▶ **Problem to work on**
Beginning at the line that contains "2014 - Attack" and finishing at the line that contains "natural hand sanitizer", output the data below exactly. Include both end lines and no pictures.

▶ **Exercise data**
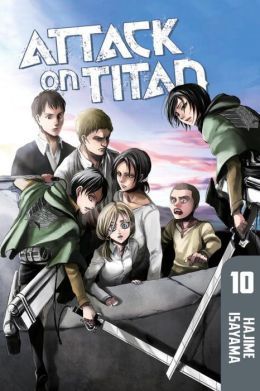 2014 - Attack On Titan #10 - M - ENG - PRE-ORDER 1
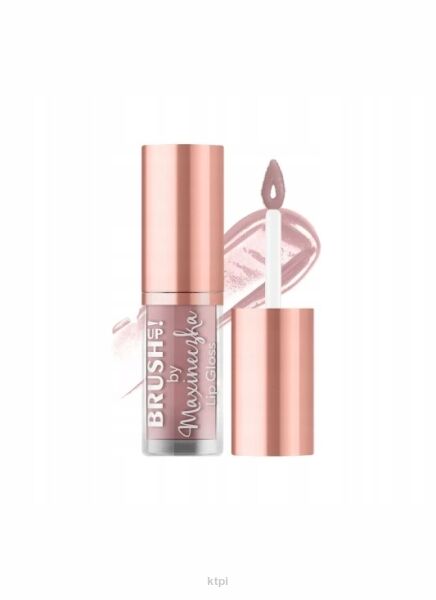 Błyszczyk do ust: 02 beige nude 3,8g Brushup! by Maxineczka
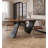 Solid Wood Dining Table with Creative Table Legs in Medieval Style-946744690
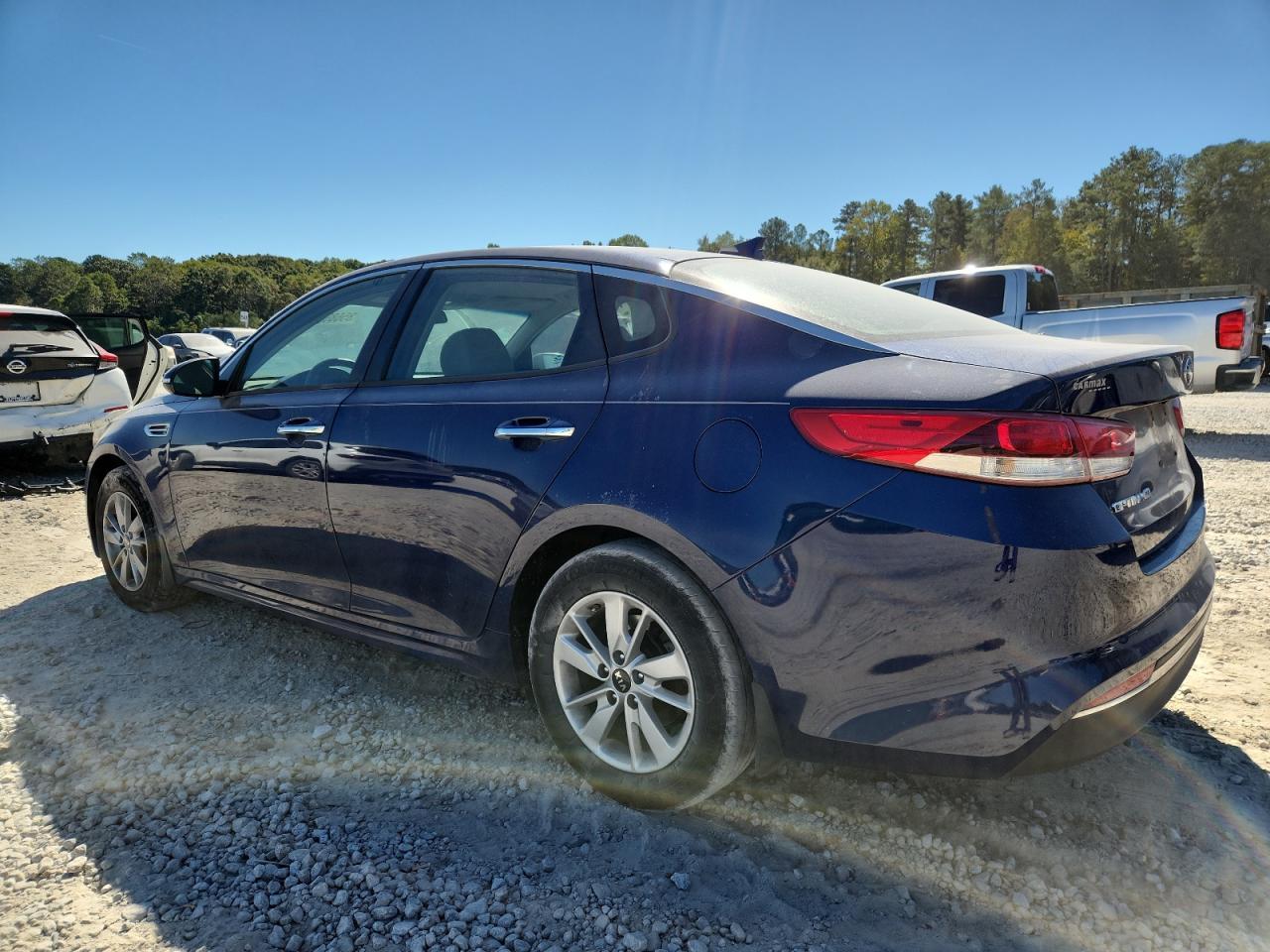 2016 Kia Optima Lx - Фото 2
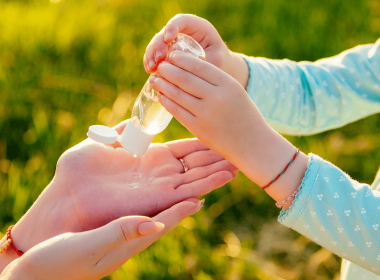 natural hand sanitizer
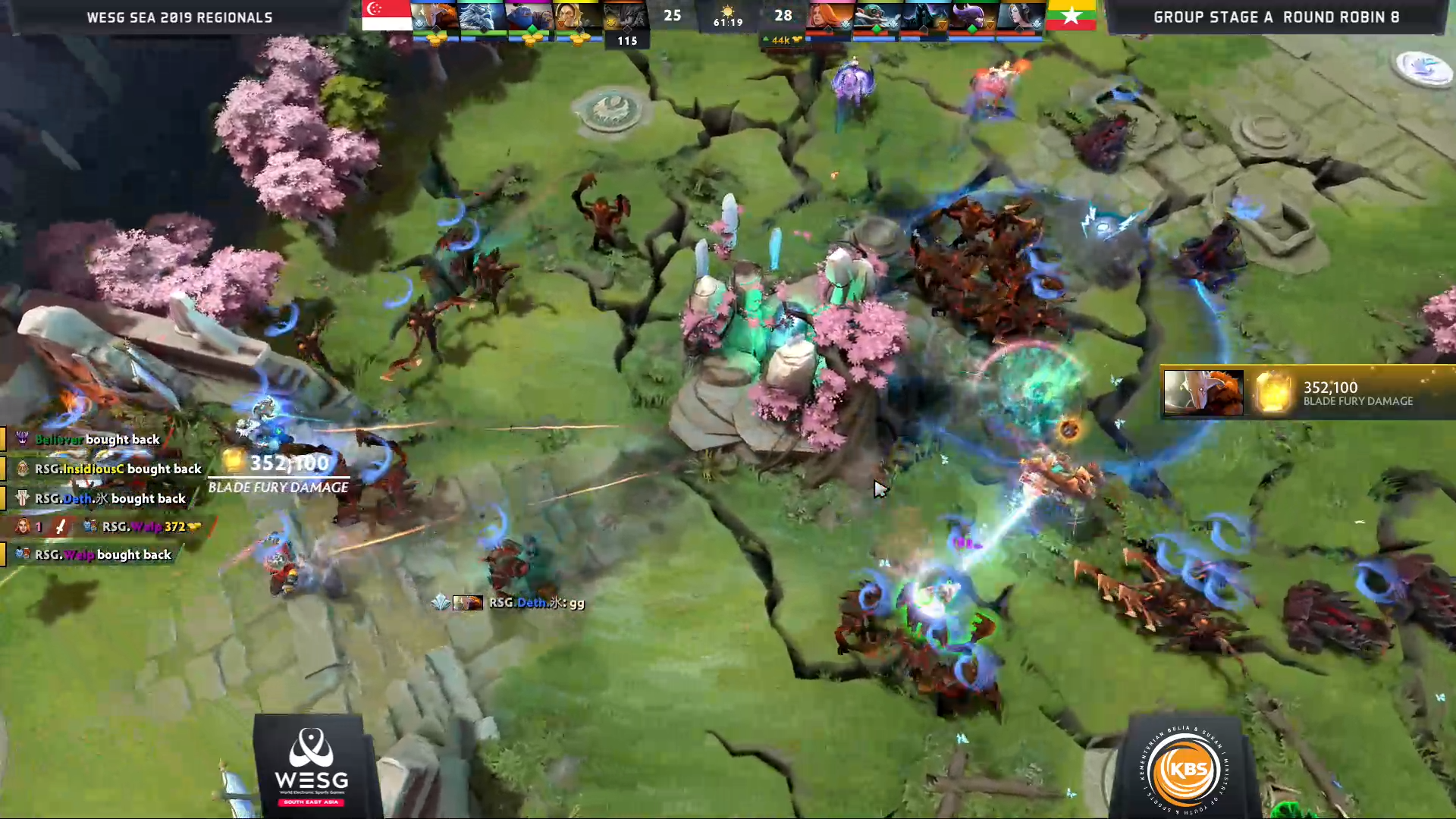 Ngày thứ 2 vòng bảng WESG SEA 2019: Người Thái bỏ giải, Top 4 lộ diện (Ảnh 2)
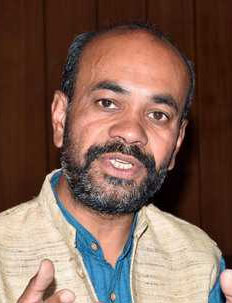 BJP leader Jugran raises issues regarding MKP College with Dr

* * *

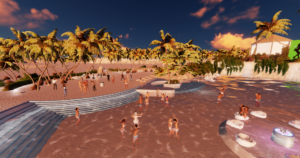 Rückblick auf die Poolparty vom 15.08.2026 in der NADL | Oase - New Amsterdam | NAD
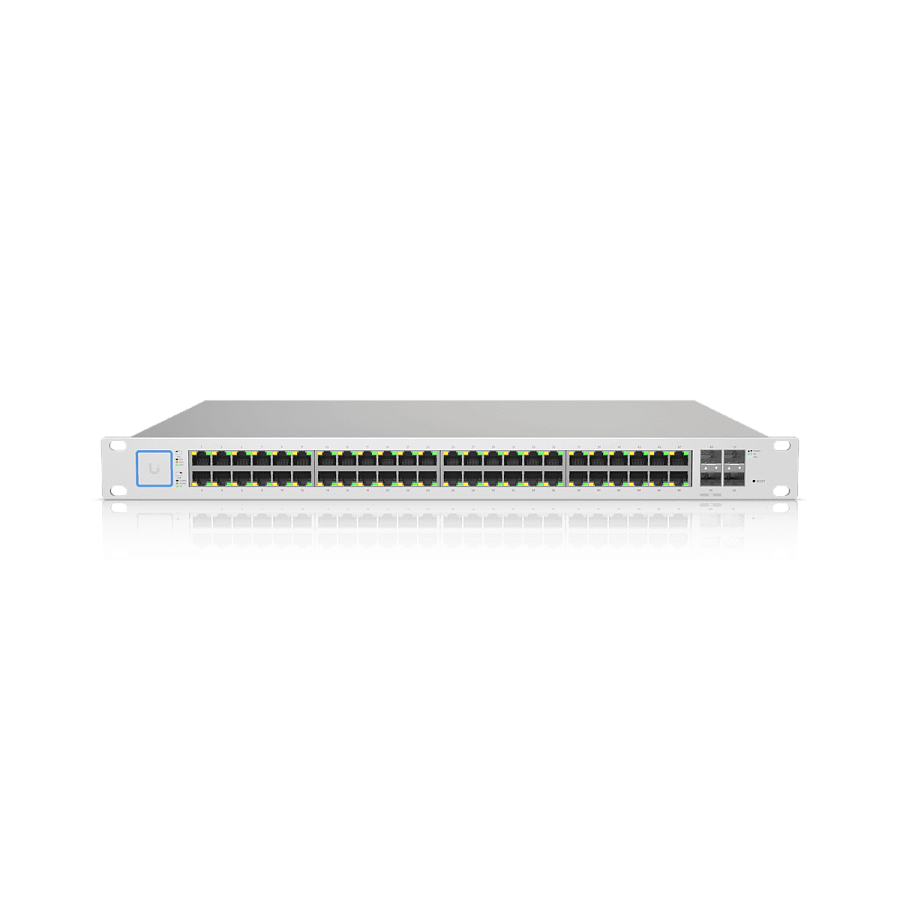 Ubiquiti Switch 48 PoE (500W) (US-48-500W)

...

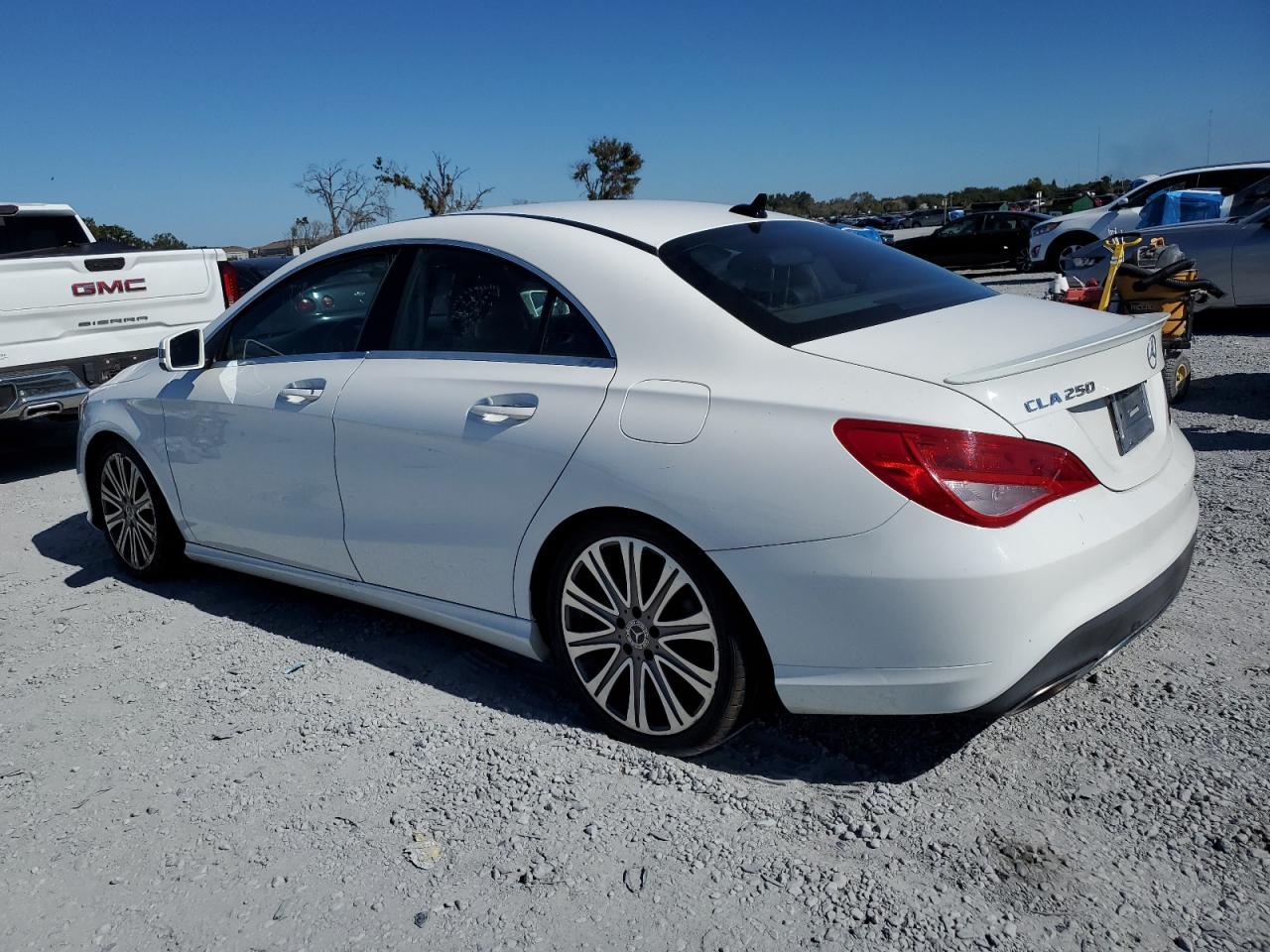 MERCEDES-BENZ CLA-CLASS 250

▶ **Solution to this exercise**
 2014 - Attack On Titan #10 - M - ENG - PRE-ORDER 1
 Błyszczyk do ust: 02 beige nude 3,8g Brushup! by Maxineczka
 Solid Wood Dining Table with Creative Table Legs in Medieval Style-946744690
 2016 Kia Optima Lx - Фото 2
 natural hand sanitizer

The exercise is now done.